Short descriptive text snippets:
****************

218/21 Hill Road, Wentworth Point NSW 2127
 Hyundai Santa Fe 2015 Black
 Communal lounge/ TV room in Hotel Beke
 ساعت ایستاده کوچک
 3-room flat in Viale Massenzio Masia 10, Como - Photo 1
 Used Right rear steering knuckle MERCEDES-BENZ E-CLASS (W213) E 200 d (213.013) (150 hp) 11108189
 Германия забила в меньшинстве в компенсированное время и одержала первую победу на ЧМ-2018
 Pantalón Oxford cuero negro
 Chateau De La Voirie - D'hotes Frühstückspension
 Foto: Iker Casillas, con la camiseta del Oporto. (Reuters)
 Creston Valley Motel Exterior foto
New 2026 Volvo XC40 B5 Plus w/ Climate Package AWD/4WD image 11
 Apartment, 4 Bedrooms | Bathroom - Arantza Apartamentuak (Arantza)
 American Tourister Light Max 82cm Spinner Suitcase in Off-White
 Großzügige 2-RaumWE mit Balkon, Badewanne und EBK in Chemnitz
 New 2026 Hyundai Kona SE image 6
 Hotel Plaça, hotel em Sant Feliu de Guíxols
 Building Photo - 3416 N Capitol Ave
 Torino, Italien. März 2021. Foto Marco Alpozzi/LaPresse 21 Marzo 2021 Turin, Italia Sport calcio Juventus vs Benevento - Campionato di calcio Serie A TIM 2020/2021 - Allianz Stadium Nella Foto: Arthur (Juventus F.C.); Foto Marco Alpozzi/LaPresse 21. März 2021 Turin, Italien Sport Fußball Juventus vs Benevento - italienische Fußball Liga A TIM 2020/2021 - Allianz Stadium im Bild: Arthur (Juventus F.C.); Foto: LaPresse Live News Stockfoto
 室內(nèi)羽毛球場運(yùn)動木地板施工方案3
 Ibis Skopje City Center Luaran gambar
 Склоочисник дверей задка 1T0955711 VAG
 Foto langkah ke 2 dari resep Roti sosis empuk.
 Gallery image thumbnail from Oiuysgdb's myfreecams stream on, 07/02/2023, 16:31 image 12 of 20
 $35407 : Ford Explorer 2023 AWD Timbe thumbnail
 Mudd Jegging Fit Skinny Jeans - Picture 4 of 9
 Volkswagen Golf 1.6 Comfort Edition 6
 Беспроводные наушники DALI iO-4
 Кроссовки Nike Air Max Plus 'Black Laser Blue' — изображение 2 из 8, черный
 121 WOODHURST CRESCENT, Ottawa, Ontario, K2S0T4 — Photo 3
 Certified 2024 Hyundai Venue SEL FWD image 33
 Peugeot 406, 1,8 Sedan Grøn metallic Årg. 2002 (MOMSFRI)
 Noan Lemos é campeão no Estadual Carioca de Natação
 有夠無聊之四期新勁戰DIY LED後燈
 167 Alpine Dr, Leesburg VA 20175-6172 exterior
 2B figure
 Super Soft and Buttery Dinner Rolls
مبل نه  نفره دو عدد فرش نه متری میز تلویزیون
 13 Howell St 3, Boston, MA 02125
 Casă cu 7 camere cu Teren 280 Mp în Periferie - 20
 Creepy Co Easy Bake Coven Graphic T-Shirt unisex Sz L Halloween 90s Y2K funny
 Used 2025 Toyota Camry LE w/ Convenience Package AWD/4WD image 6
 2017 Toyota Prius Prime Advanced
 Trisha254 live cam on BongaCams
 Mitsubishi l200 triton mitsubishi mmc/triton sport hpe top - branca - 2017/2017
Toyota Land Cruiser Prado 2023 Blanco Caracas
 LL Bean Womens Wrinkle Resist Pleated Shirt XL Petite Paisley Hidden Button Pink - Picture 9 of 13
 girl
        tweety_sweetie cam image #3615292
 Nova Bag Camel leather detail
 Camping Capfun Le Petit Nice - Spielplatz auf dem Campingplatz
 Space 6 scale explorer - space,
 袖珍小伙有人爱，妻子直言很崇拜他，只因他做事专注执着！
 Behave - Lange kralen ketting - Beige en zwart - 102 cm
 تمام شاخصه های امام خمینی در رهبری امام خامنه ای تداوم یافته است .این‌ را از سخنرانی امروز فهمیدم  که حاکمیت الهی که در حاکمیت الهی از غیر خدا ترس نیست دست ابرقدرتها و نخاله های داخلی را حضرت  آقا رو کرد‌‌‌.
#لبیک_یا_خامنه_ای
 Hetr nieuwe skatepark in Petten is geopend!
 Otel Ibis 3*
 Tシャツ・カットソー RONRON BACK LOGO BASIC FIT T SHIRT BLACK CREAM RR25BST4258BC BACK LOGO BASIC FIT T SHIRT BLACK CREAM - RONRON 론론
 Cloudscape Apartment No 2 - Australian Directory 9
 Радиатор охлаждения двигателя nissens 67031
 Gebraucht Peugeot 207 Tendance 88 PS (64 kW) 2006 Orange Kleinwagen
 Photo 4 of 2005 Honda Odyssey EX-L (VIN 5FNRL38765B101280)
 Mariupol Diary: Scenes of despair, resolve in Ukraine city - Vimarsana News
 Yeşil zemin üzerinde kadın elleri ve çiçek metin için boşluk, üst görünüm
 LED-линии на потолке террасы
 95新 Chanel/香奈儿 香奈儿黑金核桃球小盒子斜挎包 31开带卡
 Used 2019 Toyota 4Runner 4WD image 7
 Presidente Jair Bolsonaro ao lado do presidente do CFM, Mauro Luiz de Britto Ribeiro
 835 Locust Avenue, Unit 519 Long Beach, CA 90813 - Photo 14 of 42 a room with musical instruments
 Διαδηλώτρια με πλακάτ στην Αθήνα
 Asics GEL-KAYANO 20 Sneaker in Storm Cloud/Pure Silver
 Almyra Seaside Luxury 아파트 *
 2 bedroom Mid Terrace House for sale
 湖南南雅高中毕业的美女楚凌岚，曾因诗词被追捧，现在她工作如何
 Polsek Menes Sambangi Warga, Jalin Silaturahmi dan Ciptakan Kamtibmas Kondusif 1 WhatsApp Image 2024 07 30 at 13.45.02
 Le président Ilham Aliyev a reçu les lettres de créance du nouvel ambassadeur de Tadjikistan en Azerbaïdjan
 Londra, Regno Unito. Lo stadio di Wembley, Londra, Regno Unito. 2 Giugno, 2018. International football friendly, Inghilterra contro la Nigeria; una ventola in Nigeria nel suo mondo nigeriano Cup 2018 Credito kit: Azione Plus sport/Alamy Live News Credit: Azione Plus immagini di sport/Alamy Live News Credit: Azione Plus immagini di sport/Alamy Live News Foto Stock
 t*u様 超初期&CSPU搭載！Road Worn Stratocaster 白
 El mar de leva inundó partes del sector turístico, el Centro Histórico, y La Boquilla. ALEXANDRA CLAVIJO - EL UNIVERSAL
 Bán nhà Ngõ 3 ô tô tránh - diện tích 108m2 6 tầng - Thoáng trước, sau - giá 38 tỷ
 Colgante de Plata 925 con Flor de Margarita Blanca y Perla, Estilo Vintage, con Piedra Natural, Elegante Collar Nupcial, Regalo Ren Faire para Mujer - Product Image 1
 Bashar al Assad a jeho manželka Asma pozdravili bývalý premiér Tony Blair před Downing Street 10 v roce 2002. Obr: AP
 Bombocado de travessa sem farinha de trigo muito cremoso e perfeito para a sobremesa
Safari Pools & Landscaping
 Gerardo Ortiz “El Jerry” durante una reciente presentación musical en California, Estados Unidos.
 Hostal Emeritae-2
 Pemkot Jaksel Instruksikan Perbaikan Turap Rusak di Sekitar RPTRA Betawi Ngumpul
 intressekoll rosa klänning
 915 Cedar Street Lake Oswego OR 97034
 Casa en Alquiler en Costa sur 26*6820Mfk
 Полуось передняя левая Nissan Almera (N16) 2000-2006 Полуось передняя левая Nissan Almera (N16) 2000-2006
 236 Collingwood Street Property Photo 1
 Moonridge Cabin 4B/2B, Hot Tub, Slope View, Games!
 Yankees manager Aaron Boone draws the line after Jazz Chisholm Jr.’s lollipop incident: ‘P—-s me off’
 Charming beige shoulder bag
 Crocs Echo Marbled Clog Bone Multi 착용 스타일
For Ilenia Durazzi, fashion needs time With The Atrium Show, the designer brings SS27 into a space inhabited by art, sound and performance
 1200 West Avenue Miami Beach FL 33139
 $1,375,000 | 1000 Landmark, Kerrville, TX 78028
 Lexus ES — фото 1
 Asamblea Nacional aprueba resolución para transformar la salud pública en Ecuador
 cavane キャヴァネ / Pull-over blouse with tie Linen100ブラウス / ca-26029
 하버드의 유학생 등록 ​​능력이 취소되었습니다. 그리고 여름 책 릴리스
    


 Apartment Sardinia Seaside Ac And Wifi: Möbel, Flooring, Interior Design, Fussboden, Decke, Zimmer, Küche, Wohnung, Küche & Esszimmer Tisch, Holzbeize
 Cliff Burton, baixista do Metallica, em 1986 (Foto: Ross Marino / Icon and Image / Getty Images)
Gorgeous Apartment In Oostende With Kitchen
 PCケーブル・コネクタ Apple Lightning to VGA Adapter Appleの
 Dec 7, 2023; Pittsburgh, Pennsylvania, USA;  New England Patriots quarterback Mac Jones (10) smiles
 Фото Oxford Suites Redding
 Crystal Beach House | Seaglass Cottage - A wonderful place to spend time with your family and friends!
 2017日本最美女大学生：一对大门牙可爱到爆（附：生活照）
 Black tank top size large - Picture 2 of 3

****************

WHAT THIS TASK INVOLVES:
Find "Gebraucht Peugeot 207" in the entries above and copy that whole line exactly, then each line after it through the line that contains "Bán nhà Ngõ".

COMPLETED TASK:
 Gebraucht Peugeot 207 Tendance 88 PS (64 kW) 2006 Orange Kleinwagen
 Photo 4 of 2005 Honda Odyssey EX-L (VIN 5FNRL38765B101280)
 Mariupol Diary: Scenes of despair, resolve in Ukraine city - Vimarsana News
 Yeşil zemin üzerinde kadın elleri ve çiçek metin için boşluk, üst görünüm
 LED-линии на потолке террасы
 95新 Chanel/香奈儿 香奈儿黑金核桃球小盒子斜挎包 31开带卡
 Used 2019 Toyota 4Runner 4WD image 7
 Presidente Jair Bolsonaro ao lado do presidente do CFM, Mauro Luiz de Britto Ribeiro
 835 Locust Avenue, Unit 519 Long Beach, CA 90813 - Photo 14 of 42 a room with musical instruments
 Διαδηλώτρια με πλακάτ στην Αθήνα
 Asics GEL-KAYANO 20 Sneaker in Storm Cloud/Pure Silver
 Almyra Seaside Luxury 아파트 *
 2 bedroom Mid Terrace House for sale
 湖南南雅高中毕业的美女楚凌岚，曾因诗词被追捧，现在她工作如何
 Polsek Menes Sambangi Warga, Jalin Silaturahmi dan Ciptakan Kamtibmas Kondusif 1 WhatsApp Image 2024 07 30 at 13.45.02
 Le président Ilham Aliyev a reçu les lettres de créance du nouvel ambassadeur de Tadjikistan en Azerbaïdjan
 Londra, Regno Unito. Lo stadio di Wembley, Londra, Regno Unito. 2 Giugno, 2018. International football friendly, Inghilterra contro la Nigeria; una ventola in Nigeria nel suo mondo nigeriano Cup 2018 Credito kit: Azione Plus sport/Alamy Live News Credit: Azione Plus immagini di sport/Alamy Live News Credit: Azione Plus immagini di sport/Alamy Live News Foto Stock
 t*u様 超初期&CSPU搭載！Road Worn Stratocaster 白
 El mar de leva inundó partes del sector turístico, el Centro Histórico, y La Boquilla. ALEXANDRA CLAVIJO - EL UNIVERSAL
 Bán nhà Ngõ 3 ô tô tránh - diện tích 108m2 6 tầng - Thoáng trước, sau - giá 38 tỷ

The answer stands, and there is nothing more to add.